Look below for the line containing "Выключатель дифференциального тока" and the line containing "二モダン重なるイニシャル |ターコイズピンク"; repeat exactly those two lines and all lines between them, and nothing else.

DATA ▸

# # # # #

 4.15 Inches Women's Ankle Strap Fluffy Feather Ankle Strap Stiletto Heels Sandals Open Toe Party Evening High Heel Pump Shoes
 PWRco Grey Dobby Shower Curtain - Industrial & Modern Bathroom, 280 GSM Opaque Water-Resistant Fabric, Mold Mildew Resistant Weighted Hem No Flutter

# # # # #

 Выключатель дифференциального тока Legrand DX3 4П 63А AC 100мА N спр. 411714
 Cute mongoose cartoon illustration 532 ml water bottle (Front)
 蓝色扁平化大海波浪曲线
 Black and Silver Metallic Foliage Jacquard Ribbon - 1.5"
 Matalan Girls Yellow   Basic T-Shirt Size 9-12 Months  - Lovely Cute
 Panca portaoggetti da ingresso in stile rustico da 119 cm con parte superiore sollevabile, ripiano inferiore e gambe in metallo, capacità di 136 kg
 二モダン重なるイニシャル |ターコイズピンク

# # # # #

RESULT FOR THIS TASK ▸
 Выключатель дифференциального тока Legrand DX3 4П 63А AC 100мА N спр. 411714
 Cute mongoose cartoon illustration 532 ml water bottle (Front)
 蓝色扁平化大海波浪曲线
 Black and Silver Metallic Foliage Jacquard Ribbon - 1.5"
 Matalan Girls Yellow   Basic T-Shirt Size 9-12 Months  - Lovely Cute
 Panca portaoggetti da ingresso in stile rustico da 119 cm con parte superiore sollevabile, ripiano inferiore e gambe in metallo, capacità di 136 kg
 二モダン重なるイニシャル |ターコイズピンク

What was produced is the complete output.